The new Opportunity Corridor in Cleveland

The area known as University Circle on the eastern edge of Cleveland is home to a significant portion of the city’s cultural, education, and medical services. Case Western Reserve University where I used to work is located there, as well as the city’s museums of art, modern art, natural history, automotive history, and Severance Hall, the beautiful home of the Cleveland Orchestra. The area also hosts two massive hospital complexes, University Hospitals and the Cleveland Clinic. All these institutions have resulted in a rapid growth in housing stock and this in turn has spawned new retail and shopping and eating options. The area has seen massive changes since I arrived here nearly three decades ago.

But getting to University Circle by road from (say) the airport on the west of Cleveland or from the major highways to the South and West such as I-77, I-71, and I-90 is not easy and this week saw the beginning of a long-discussed project to build a new boulevard that would cut through existing communities to connect them. The project is expected to last two to three years.

As with all such new road projects, there will be winners and losers, largely along class-based lines. The winners will be those who seek quick and easy access to University Circle such as members of the upper socio-economic classes who want to frequent the cultural institutions and those who work in the area. The immediate losers will be those people, mostly lower income, who live in the path of the new boulevard who will see their neighborhoods disrupted to accommodate the new boulevard. Supporters of the project say, as they always do, that the new tree-lined road with sidewalks and bicycle lanes will improve the neighborhoods and lead to long-term revitalization of what is currently an economically stagnant area. That, of course, remains to be seen. Other losers will be those areas that people had to formerly pass through to get to University Circle, since loss in through traffic can result in loss in business.

The Ohio Department of Transportation has provided a nice video of the project.


  1. Glor says

    “improve the neighborhoods and lead to long-term revitalization”
    Which will not at all raise property values as it becomes a more attractive area.
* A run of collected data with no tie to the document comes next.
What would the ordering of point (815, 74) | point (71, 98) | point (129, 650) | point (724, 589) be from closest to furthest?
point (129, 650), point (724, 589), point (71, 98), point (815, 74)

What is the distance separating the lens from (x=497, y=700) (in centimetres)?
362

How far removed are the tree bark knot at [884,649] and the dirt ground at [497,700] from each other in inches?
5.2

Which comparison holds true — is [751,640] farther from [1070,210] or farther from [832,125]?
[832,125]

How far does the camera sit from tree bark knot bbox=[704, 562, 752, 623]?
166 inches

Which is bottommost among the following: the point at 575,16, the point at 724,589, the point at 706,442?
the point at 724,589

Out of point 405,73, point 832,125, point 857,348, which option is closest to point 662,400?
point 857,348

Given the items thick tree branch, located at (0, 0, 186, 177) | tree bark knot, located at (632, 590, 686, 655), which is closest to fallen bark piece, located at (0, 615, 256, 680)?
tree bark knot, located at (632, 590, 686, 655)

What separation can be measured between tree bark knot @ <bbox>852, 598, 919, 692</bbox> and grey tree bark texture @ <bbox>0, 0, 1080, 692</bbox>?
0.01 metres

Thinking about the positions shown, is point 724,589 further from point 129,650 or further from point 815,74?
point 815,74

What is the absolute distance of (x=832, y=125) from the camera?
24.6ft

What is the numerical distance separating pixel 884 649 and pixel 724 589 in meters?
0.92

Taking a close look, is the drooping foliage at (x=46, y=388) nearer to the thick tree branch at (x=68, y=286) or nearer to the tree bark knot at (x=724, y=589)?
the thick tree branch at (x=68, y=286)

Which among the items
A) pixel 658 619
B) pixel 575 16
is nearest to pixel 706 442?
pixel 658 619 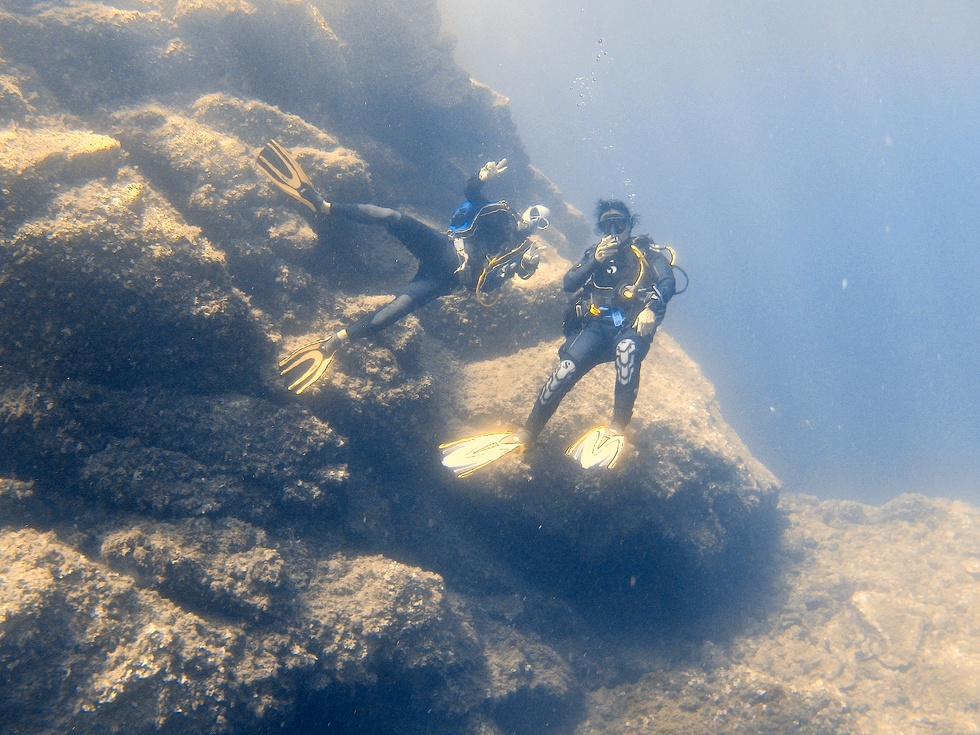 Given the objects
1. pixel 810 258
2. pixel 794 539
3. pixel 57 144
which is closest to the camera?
pixel 57 144

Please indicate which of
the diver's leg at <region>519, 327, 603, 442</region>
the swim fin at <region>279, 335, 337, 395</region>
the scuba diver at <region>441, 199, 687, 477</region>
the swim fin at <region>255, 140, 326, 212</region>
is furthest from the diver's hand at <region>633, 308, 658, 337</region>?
the swim fin at <region>255, 140, 326, 212</region>

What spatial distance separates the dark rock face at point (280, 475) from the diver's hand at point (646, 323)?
48.8 inches

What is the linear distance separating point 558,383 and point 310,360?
264 centimetres

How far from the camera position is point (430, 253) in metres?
6.07

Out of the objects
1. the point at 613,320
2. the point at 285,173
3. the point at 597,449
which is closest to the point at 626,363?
the point at 613,320

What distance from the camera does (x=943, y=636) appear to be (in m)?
9.65

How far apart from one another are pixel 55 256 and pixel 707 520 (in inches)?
311

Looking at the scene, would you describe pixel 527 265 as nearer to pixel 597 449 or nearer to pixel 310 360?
pixel 597 449

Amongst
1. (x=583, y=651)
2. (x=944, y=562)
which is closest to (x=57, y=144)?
(x=583, y=651)

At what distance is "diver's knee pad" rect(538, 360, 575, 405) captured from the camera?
540 centimetres

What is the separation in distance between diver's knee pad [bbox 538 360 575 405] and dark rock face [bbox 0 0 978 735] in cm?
82

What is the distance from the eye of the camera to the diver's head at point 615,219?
253 inches

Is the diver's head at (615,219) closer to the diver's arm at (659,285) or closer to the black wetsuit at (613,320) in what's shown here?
the black wetsuit at (613,320)

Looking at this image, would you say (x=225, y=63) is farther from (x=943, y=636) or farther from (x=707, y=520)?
(x=943, y=636) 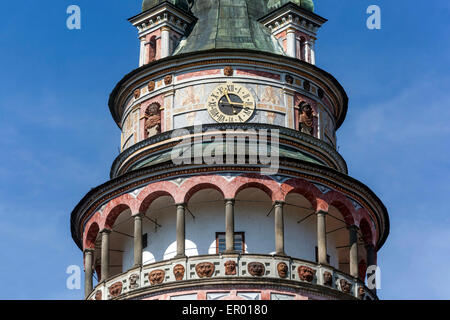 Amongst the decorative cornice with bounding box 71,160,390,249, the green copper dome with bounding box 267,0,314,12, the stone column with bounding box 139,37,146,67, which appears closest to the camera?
the decorative cornice with bounding box 71,160,390,249

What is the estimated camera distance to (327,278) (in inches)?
2140

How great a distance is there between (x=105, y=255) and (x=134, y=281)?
1993 mm

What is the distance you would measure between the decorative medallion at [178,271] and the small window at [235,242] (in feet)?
5.96

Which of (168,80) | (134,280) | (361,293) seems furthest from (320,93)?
(134,280)

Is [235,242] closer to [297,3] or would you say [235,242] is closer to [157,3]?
[157,3]

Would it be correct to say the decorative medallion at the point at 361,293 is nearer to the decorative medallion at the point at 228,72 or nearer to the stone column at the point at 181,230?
the stone column at the point at 181,230

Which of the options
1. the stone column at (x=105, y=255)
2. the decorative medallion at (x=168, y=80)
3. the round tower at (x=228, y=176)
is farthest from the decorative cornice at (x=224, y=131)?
the stone column at (x=105, y=255)

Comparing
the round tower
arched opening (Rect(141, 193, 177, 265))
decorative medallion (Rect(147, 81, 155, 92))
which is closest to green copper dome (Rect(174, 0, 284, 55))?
the round tower

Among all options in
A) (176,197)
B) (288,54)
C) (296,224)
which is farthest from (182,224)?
(288,54)

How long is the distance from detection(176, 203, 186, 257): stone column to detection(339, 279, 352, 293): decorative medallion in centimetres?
590

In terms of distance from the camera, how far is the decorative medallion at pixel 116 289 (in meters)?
54.7

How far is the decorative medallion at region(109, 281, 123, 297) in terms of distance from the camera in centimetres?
5472

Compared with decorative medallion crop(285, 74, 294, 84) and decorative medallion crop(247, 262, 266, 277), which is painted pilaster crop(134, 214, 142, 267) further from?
decorative medallion crop(285, 74, 294, 84)

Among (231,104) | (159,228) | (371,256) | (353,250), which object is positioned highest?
(231,104) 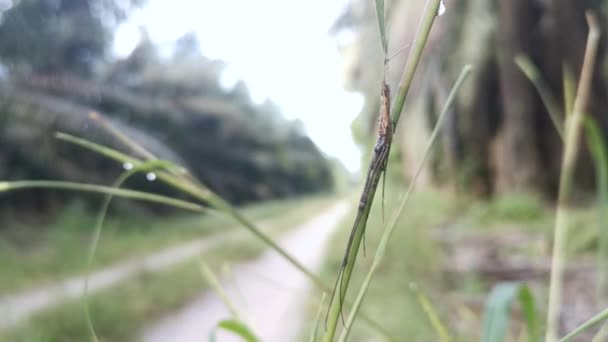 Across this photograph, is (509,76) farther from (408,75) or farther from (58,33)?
(408,75)

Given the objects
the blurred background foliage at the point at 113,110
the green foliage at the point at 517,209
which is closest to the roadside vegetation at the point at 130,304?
the blurred background foliage at the point at 113,110

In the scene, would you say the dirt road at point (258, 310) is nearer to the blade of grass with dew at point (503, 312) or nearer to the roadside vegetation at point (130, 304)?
the roadside vegetation at point (130, 304)

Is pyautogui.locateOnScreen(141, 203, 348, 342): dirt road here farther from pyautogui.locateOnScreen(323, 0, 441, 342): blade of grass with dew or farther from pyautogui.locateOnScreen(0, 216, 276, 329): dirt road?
pyautogui.locateOnScreen(323, 0, 441, 342): blade of grass with dew

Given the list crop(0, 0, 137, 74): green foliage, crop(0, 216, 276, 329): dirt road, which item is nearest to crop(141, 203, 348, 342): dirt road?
crop(0, 216, 276, 329): dirt road

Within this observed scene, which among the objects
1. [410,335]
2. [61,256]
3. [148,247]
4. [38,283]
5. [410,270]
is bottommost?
[410,335]

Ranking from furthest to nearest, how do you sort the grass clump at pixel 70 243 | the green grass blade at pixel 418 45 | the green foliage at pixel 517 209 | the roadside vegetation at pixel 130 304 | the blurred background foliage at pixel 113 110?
the grass clump at pixel 70 243 < the green foliage at pixel 517 209 < the blurred background foliage at pixel 113 110 < the roadside vegetation at pixel 130 304 < the green grass blade at pixel 418 45

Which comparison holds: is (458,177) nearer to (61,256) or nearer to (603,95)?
(603,95)

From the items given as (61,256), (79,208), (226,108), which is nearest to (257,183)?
(226,108) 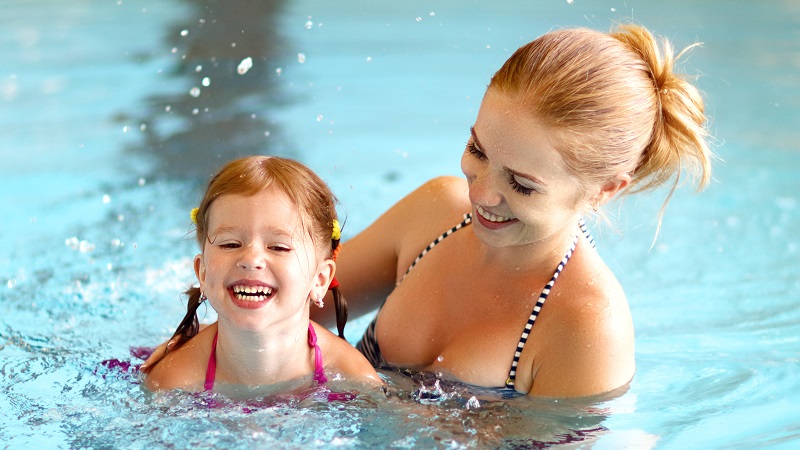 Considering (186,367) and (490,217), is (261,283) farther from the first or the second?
(490,217)

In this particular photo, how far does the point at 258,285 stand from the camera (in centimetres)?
206

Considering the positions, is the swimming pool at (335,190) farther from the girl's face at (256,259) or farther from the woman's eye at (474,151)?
the woman's eye at (474,151)

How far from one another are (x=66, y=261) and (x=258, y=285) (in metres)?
1.84

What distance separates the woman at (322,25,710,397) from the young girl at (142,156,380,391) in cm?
24

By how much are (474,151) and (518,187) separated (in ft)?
0.45

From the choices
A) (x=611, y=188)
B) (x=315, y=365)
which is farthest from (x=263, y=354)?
(x=611, y=188)

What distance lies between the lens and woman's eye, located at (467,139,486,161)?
211 cm

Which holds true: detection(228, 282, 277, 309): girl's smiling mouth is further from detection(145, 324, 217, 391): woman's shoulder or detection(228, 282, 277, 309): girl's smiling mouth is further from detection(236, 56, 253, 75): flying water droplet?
detection(236, 56, 253, 75): flying water droplet

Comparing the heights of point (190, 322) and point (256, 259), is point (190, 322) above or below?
below

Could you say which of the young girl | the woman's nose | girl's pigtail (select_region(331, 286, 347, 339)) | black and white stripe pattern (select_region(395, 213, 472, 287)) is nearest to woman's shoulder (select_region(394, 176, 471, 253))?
black and white stripe pattern (select_region(395, 213, 472, 287))

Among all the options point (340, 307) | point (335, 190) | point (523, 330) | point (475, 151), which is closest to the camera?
point (475, 151)

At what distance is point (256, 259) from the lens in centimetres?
203

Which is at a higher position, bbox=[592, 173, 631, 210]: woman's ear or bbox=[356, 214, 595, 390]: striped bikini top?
bbox=[592, 173, 631, 210]: woman's ear

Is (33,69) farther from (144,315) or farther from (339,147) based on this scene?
(144,315) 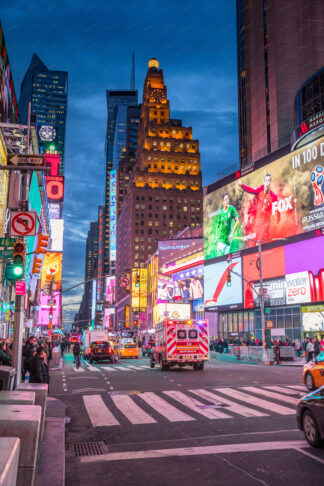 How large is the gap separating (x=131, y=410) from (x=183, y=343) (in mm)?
14945

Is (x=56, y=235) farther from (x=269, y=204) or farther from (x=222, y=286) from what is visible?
(x=269, y=204)

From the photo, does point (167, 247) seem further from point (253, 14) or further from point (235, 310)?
point (253, 14)

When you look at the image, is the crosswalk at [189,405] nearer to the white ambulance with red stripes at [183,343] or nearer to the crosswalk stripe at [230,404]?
the crosswalk stripe at [230,404]

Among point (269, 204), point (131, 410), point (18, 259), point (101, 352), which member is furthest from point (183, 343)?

Rents definitely won’t rise because of this, which will not result in poorer people being pushed out of their neighborhoods.

  2. bmiller says

    The only thing is that Cleveland has such vast…swathes…of cheap housing and urban prairies that this displacement might be less impactful than in an overpriced coastal city. In Oakland…where would they go? In Cleveland, they might have more options?

    Not denying the negatives of displacement, of course.

    My hometown (Fort Wayne) has an “unfavored quarter” as well (southeast). What is eye opening is how…aggressive Fort Wayne has been with derelict house removal. There are urban prairie blocks, but relatively few boarded up and derelect houses.